[[ Source material, beginning ]]
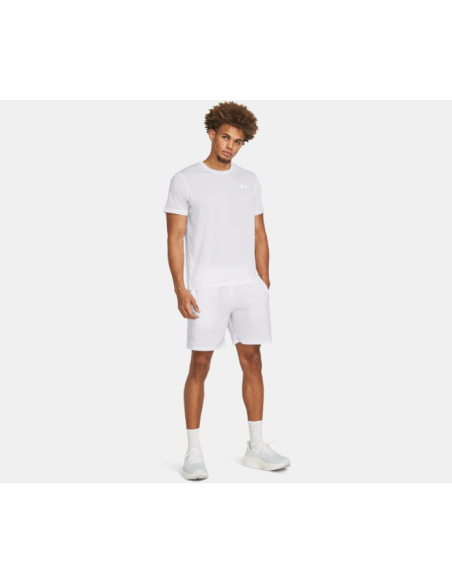 Short Under Armour Launch 7" Blanco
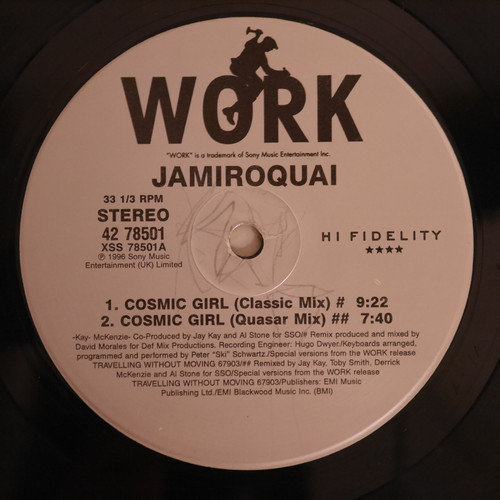 JAMIROQUAI / Cosmic Girl | anchorrecord
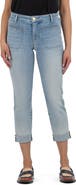 KUT from the Kloth Amy Welt Pocket Low Rise Crop Slim Straight Leg Jeans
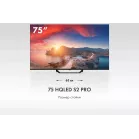 Телевизор HQLED Haier 75" DH1WVFD03RU S2 Pro Frameless черный/черный 4K Ultra HD 60Hz MEMC DVB-T DVB-T2 DVB-C DVB-C2 DVB-S2 USB WiFi Smart TV
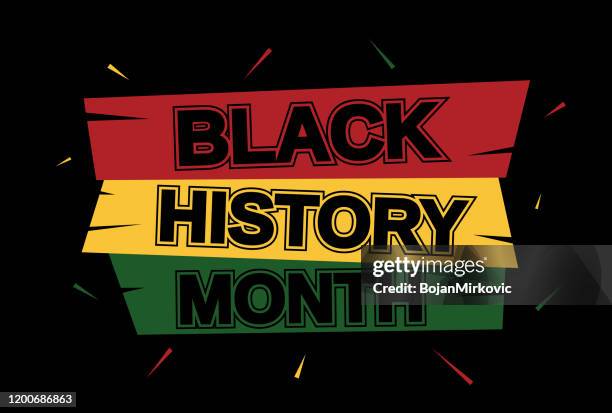 stockillustraties, clipart, cartoons en iconen met zwarte geschiedenis maand banner kaart. vector - black history in the uk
[[ Source material, end ]]
- Work task: Leave the pictures out. Otherwise, output the listing above exactly.

- Task result:
 Short Under Armour Launch 7" Blanco
 JAMIROQUAI / Cosmic Girl | anchorrecord
 KUT from the Kloth Amy Welt Pocket Low Rise Crop Slim Straight Leg Jeans
 Телевизор HQLED Haier 75" DH1WVFD03RU S2 Pro Frameless черный/черный 4K Ultra HD 60Hz MEMC DVB-T DVB-T2 DVB-C DVB-C2 DVB-S2 USB WiFi Smart TV
 stockillustraties, clipart, cartoons en iconen met zwarte geschiedenis maand banner kaart. vector - black history in the uk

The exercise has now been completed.